DORA metric	How QA moves it
Change failure rate	The most direct link — reliable tests catch regressions before they ship
Lead time for changes	Fast, trustworthy tests keep the CI feedback loop short
Deployment frequency	Confidence from good tests lets teams ship smaller changes more often
Time to restore service	Fast detection and clear failure signals shorten diagnosis

The stability metrics QA owns

Change failure rate is the metric testing influences most. It’s a direct measure of whether your suite catches problems before production. Improving coverage of critical paths and — critically — reducing flakiness moves it more than almost anything else, because a suite people trust actually blocks bad deploys instead of being waved through.

Time to restore service is shortened by fast detection and legible failures. When a test goes red and a failure cluster points straight at the cause, diagnosis is minutes, not hours.

How flaky and slow tests hurt DORA

Flaky and slow tests drag every metric the wrong way. Slow suites lengthen lead time directly — speeding up the CI suite is itself lead-time work. Flaky tests are worse: they delay releases through reruns, and — by training teams to ignore red builds — they raise change failure rate, because the one red build that mattered gets dismissed as “probably flaky.” And flakiness is common enough to matter at scale: Google reported that ~16% of its tests have some level of flakiness, so a team trained to wave through red builds is dismissing a large, noisy population of failures — and change failure rate climbs the moment one of them was real. Reliability work is DORA work.

What to measure on the QA side

DORA metrics are lagging indicators; QA should track the leading ones that feed them:

Flake rate — how much the suite can be trusted.
Mean time to detection — how fast tests catch a defect.
CI feedback-loop time — how fast developers get a result.

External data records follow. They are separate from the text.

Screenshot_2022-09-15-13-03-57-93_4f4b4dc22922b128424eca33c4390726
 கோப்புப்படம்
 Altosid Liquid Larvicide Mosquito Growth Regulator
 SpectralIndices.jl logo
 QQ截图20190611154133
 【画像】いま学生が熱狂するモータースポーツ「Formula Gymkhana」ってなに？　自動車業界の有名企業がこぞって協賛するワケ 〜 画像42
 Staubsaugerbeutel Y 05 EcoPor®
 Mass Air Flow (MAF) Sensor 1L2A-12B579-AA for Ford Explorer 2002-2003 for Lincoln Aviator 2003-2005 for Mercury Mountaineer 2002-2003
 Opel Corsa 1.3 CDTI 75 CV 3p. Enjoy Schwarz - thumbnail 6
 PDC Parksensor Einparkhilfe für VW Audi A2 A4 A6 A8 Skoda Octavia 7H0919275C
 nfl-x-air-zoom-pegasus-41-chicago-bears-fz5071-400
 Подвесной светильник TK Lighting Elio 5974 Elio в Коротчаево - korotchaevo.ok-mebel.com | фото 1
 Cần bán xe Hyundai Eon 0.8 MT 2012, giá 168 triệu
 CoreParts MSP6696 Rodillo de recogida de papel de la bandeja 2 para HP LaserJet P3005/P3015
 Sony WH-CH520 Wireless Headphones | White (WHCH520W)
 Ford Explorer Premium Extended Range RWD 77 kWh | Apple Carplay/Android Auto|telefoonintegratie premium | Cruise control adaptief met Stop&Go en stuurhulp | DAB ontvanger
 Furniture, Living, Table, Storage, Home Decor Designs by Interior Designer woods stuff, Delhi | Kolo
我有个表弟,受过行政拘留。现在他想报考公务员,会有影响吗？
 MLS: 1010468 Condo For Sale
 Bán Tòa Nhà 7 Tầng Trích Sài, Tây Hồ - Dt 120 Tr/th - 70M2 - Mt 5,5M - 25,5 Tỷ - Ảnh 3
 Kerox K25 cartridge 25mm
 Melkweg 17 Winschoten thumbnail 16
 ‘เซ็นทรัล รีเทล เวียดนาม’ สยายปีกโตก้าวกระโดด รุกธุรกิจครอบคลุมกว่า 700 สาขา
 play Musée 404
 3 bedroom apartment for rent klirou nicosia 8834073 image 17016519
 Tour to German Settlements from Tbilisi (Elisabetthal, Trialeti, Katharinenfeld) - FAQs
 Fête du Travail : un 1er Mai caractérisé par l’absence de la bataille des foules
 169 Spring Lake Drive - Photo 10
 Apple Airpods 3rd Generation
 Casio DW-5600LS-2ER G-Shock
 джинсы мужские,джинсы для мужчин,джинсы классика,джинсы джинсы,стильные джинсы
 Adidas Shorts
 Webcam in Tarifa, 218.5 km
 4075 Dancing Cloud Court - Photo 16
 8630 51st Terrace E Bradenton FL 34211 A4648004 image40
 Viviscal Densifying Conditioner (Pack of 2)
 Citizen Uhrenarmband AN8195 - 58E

Improve these and the downstream DORA numbers follow. The history needed to measure all three is the same test observability data that powers flaky detection and clustering. In a monorepo, aggregating results across packages is what gives you a single, trustworthy pass rate to track those indicators against.

Start free with Qualflare — connect your pipeline and track the flakiness, detection, and feedback-loop signals that move your DORA metrics.

Frequently asked questions

What are the four DORA metrics?

Deployment frequency (how often you ship), lead time for changes (commit to production), change failure rate (the share of deployments that cause a failure), and time to restore service (how quickly you recover). The first two measure throughput; the last two measure stability.

How does QA affect DORA metrics?

Most directly through the stability metrics. Reliable tests catch regressions before they ship, lowering change failure rate, and fast, trustworthy tests keep the feedback loop short, which shortens lead time. Flaky and slow tests do the opposite — they delay releases and let real failures hide in the noise.

Which DORA metric does testing influence most?

Change failure rate. It’s the most direct measure of whether your testing catches problems before production. Reducing flakiness and improving coverage of critical paths moves it more than almost anything else QA does.

What should QA teams measure to improve DORA?

Track leading indicators that feed DORA: flake rate (trust in the suite), mean time to detection (how fast tests catch a defect), and CI feedback-loop time (how fast developers get a result). Improving these shows up downstream in change failure rate and lead time.